■ Task details
For the material that follows, return exactly the lines from the one with "this 600×400 image." through the one with "this 840×677 image.", both ends included.

*** Provided records ***

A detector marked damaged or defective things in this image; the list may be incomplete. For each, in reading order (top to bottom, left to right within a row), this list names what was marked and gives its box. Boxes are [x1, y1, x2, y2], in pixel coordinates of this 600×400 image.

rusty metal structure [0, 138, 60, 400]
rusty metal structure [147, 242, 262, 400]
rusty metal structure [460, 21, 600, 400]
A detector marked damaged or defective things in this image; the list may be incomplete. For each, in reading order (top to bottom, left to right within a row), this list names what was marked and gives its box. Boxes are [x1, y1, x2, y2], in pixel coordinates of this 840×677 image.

*** End of Provided records ***
*** Provided records ***

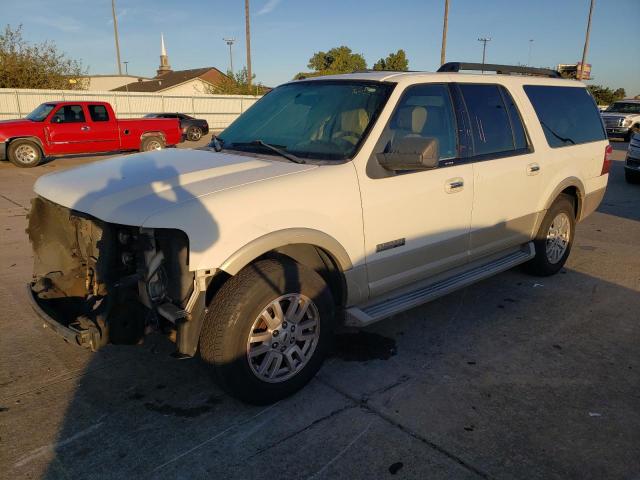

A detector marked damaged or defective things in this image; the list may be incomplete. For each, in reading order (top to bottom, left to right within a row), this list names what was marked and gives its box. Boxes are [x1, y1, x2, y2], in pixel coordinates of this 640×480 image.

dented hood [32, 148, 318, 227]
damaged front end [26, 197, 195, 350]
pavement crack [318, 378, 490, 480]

*** End of Provided records ***

■ Task response
A detector marked damaged or defective things in this image; the list may be incomplete. For each, in reading order (top to bottom, left to right within a row), this list names what was marked and gives its box. Boxes are [x1, y1, x2, y2], in pixel coordinates of this 600×400 image.

rusty metal structure [0, 138, 60, 400]
rusty metal structure [147, 242, 262, 400]
rusty metal structure [460, 21, 600, 400]
A detector marked damaged or defective things in this image; the list may be incomplete. For each, in reading order (top to bottom, left to right within a row), this list names what was marked and gives its box. Boxes are [x1, y1, x2, y2], in pixel coordinates of this 840×677 image.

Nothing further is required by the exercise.